> **Provided data**
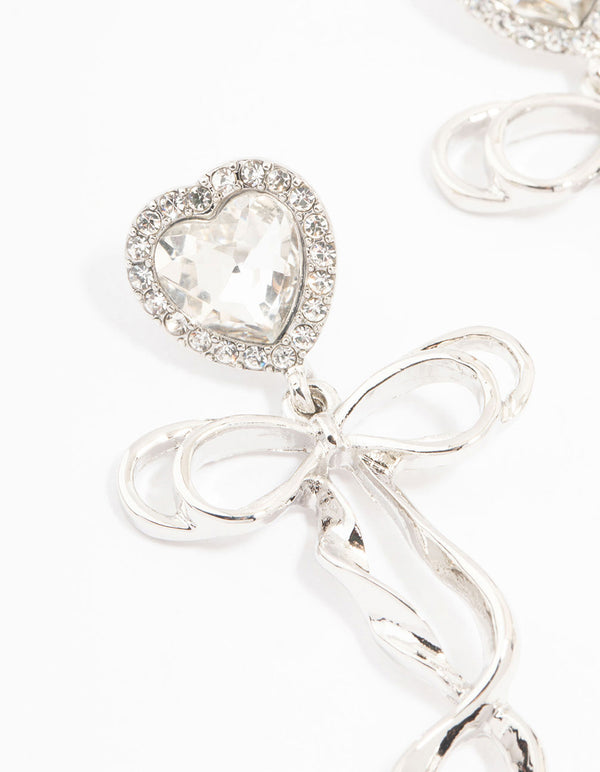 Silver Diamante Heart Bow Drop Earrings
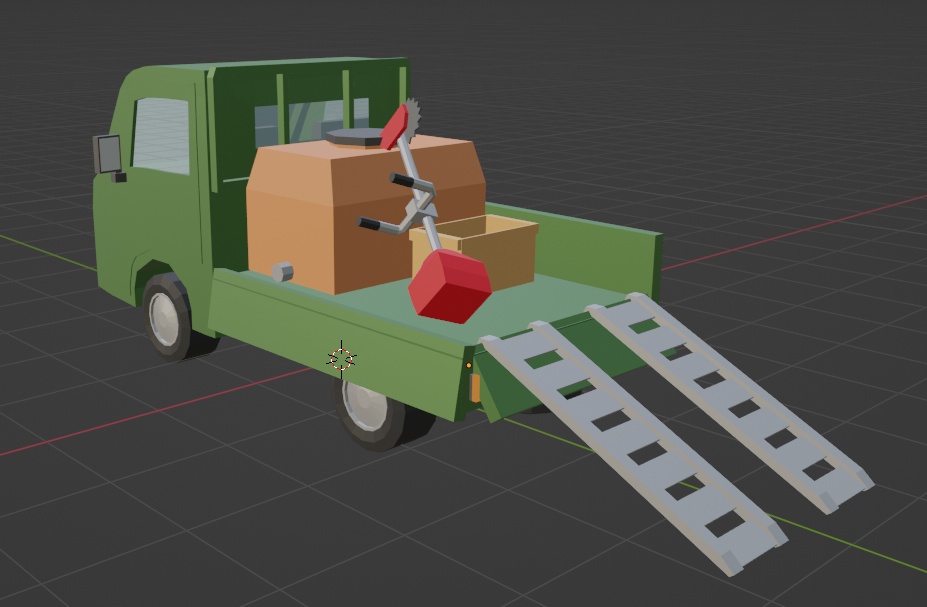 ローポリ 3Dモデル 軽トラック用 農作業用 アイテム 10点セット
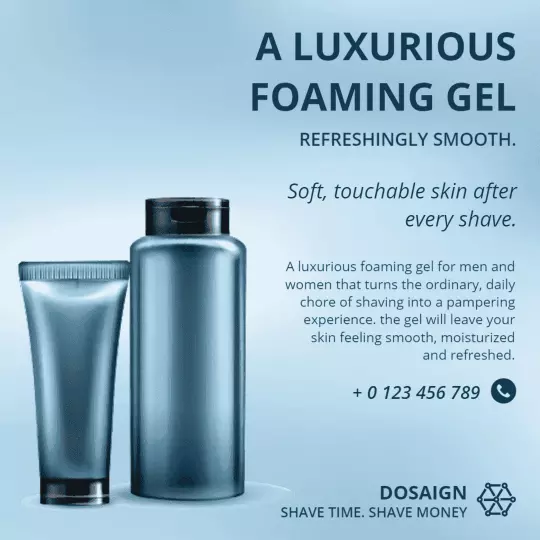Cool Blue Foaming Gel for Luxurious Skin Care Ad Template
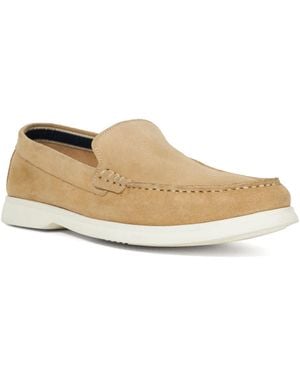 Dune Wf Bufton Wide Fit Suede Loafers - Natural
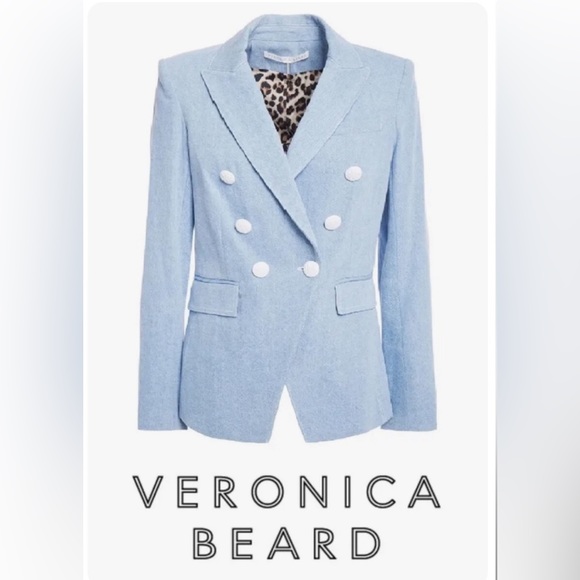 💙 SOLD 💙 NEW Veronica Beard Denim Double Breasted Blazer Miller Dickey size 14 - Picture 3 of 14
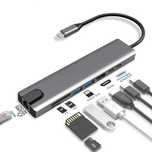 USB-концентратор 8 портов,Хаб Type-C,USB,SD/TF,HDMI,PD,RJ45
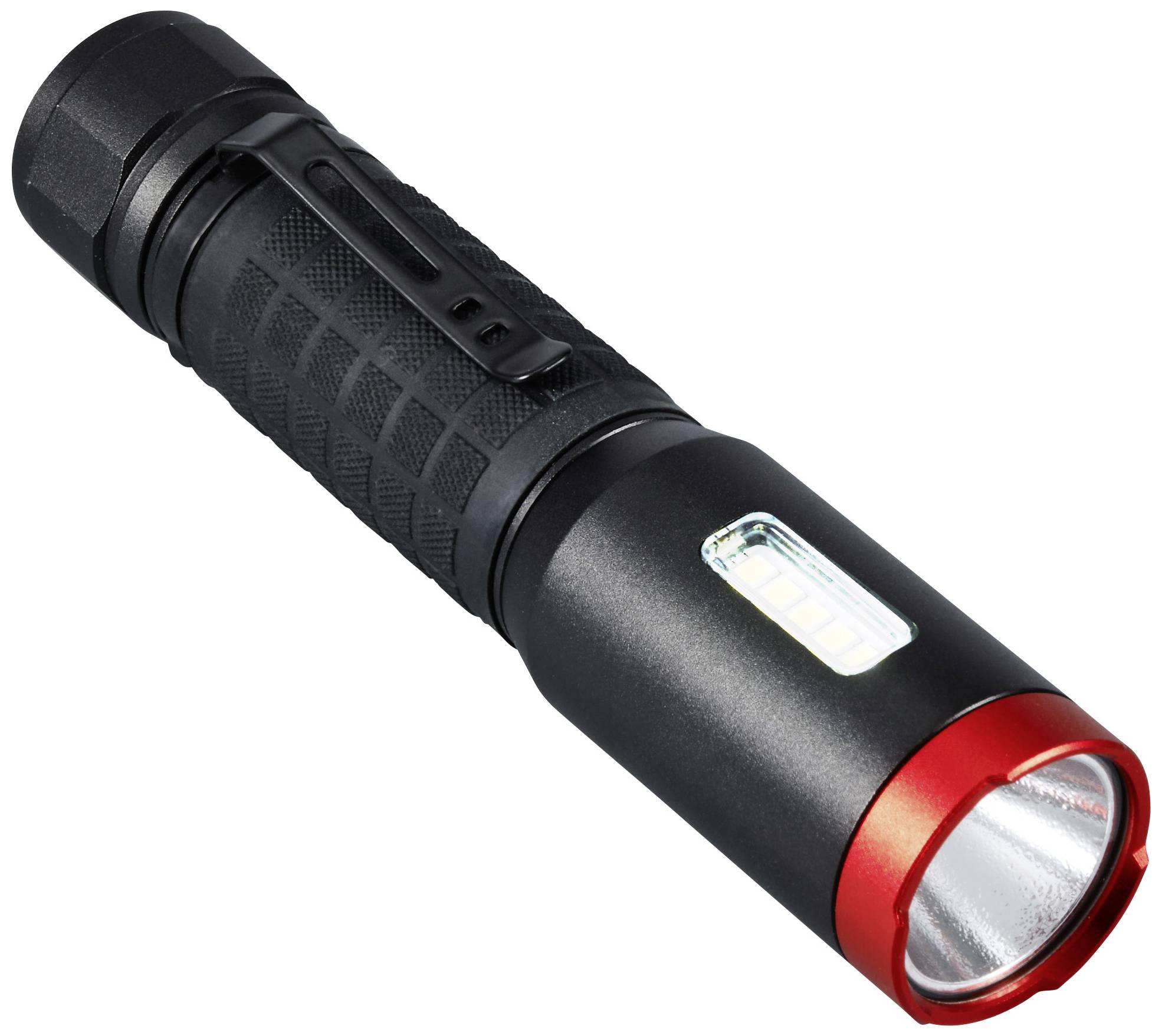 A black torch with a red border and a clip on the side. It is switched on and illuminating.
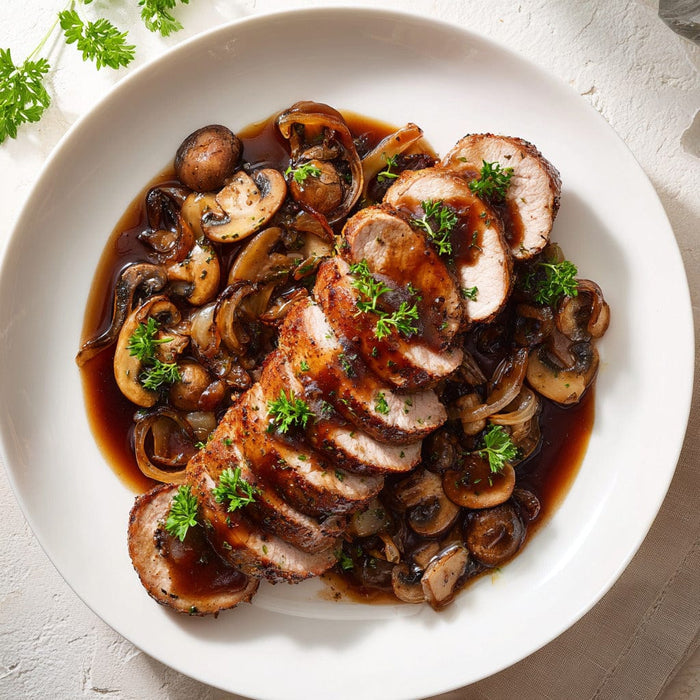 easyChef Pro Burgundy-Style Pork Tenderloin with Mushroom Gravy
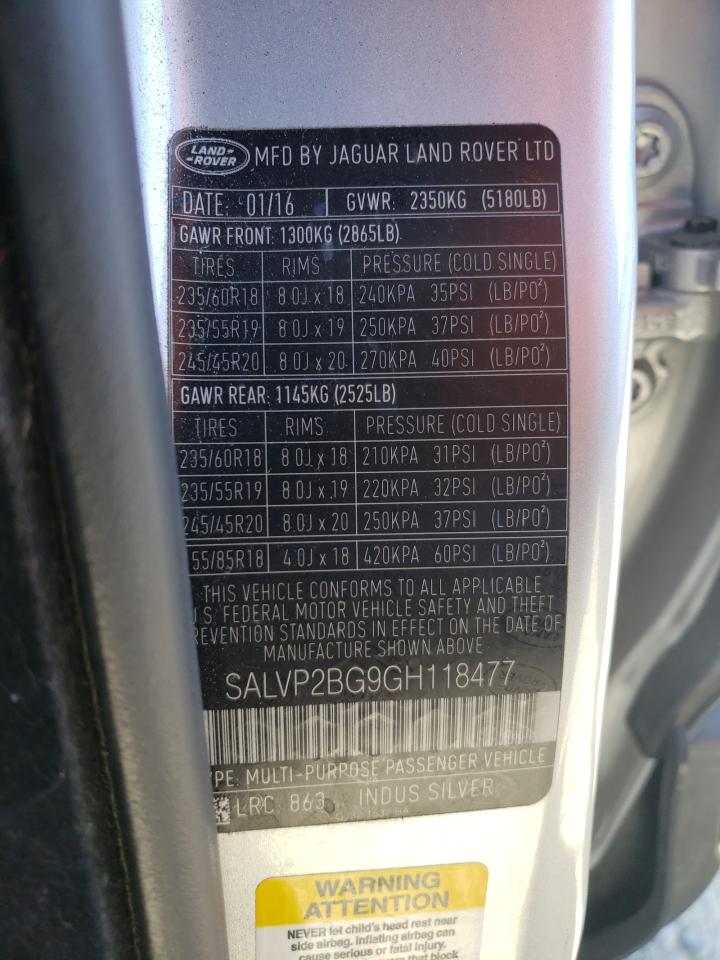 Photo 10 from auction – 2016 LAND ROVER RANGE ROVE with VIN SALVP2BG9GH118477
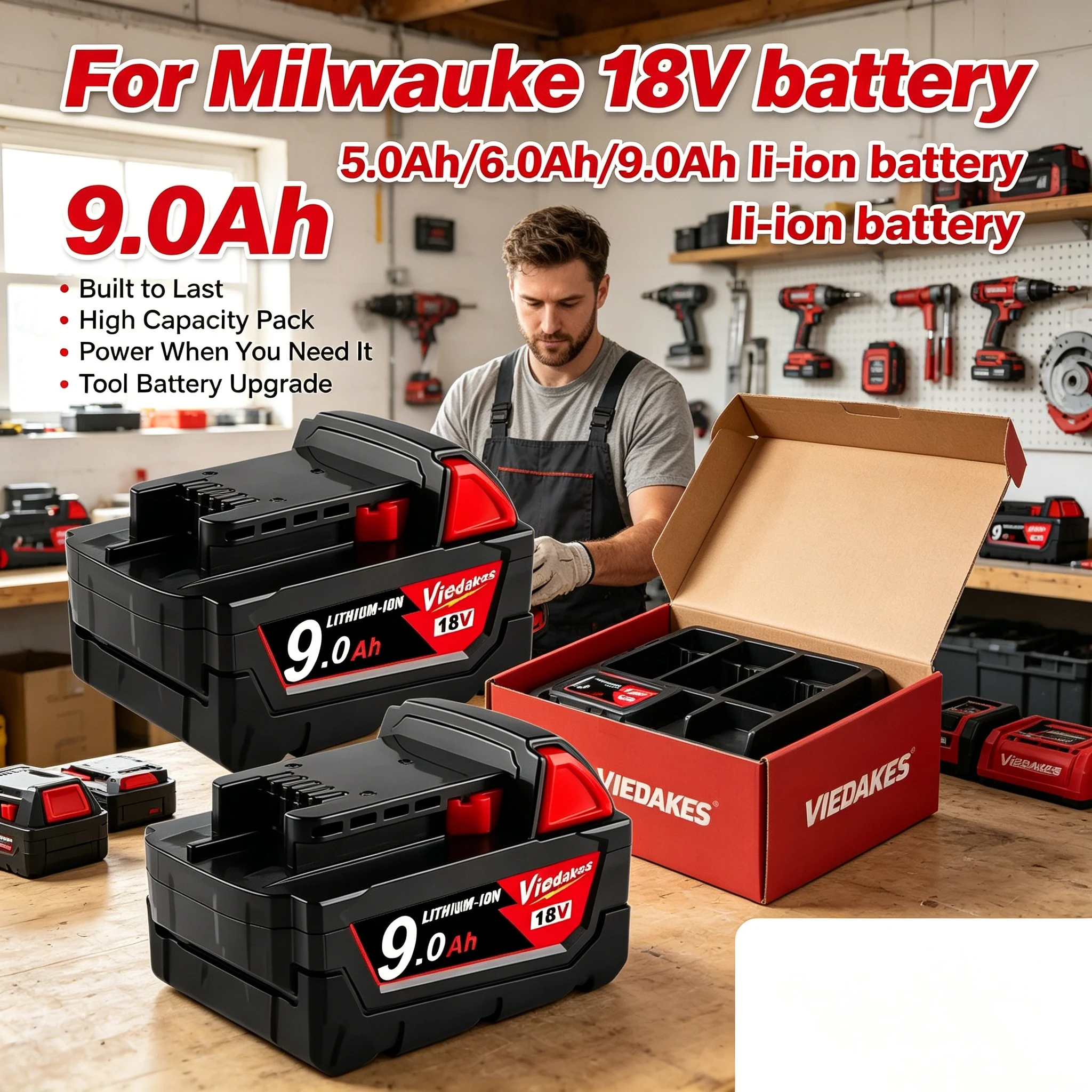

High quality 18V 9.0Ah For Milwaukee 18v Battery Li-Ion Replacement Battery, For Milwaukee 18V 48-11-1860 48-11-1850 48-11-1860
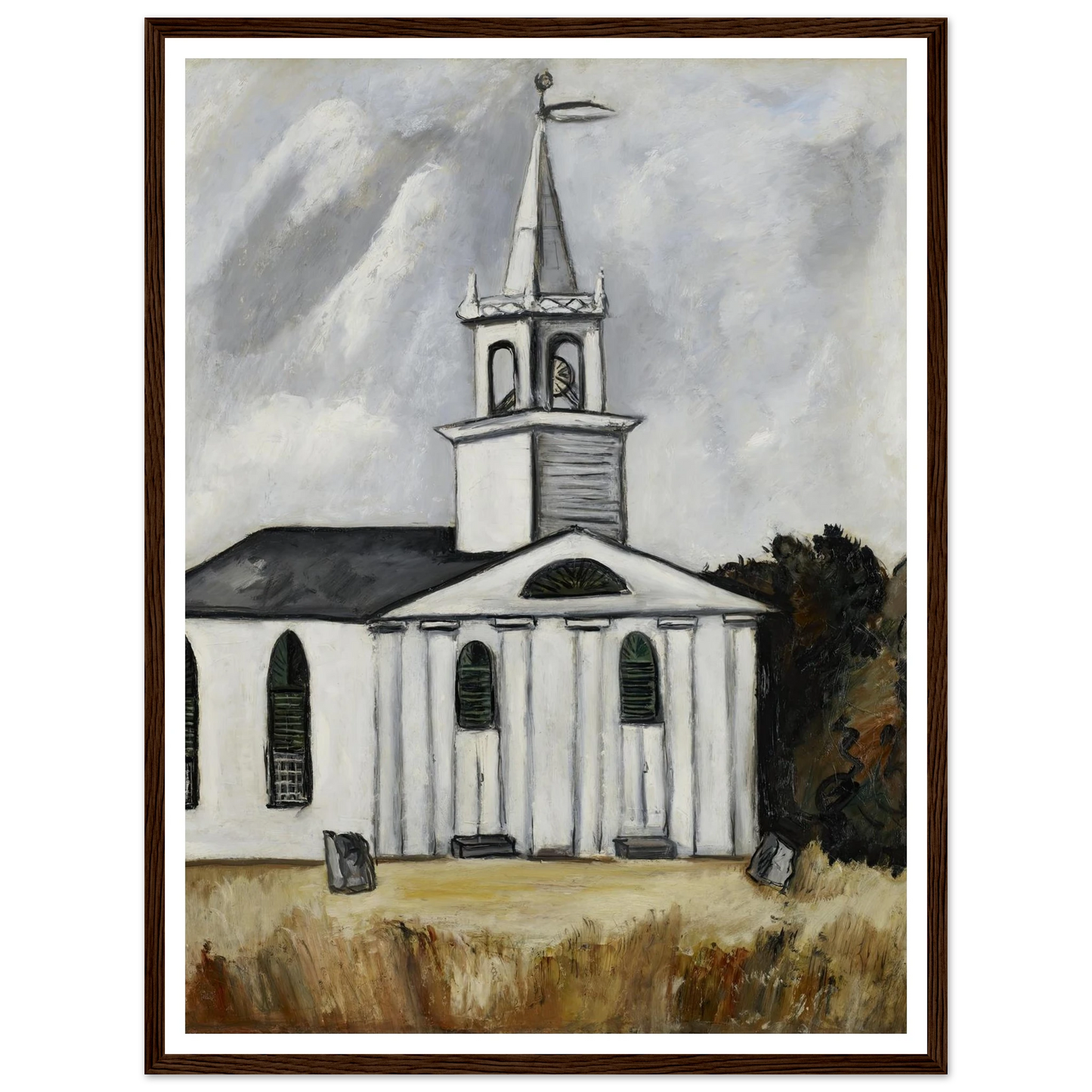 Church at Head Tide #2 (1938 - 1940) Art Print | Marsden Hartley - Framed Poster - 30x40 cm / 12x16″ - Black frame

> **What you need to do**
Produce an exact copy of the lines from the line containing "Cool Blue Foaming" through the last line of the records, with no pictures and no other text.

> **Result of the task**
Cool Blue Foaming Gel for Luxurious Skin Care Ad Template
 Dune Wf Bufton Wide Fit Suede Loafers - Natural
 💙 SOLD 💙 NEW Veronica Beard Denim Double Breasted Blazer Miller Dickey size 14 - Picture 3 of 14
 USB-концентратор 8 портов,Хаб Type-C,USB,SD/TF,HDMI,PD,RJ45
 A black torch with a red border and a clip on the side. It is switched on and illuminating.
 easyChef Pro Burgundy-Style Pork Tenderloin with Mushroom Gravy
 Photo 10 from auction – 2016 LAND ROVER RANGE ROVE with VIN SALVP2BG9GH118477

High quality 18V 9.0Ah For Milwaukee 18v Battery Li-Ion Replacement Battery, For Milwaukee 18V 48-11-1860 48-11-1850 48-11-1860
 Church at Head Tide #2 (1938 - 1940) Art Print | Marsden Hartley - Framed Poster - 30x40 cm / 12x16″ - Black frame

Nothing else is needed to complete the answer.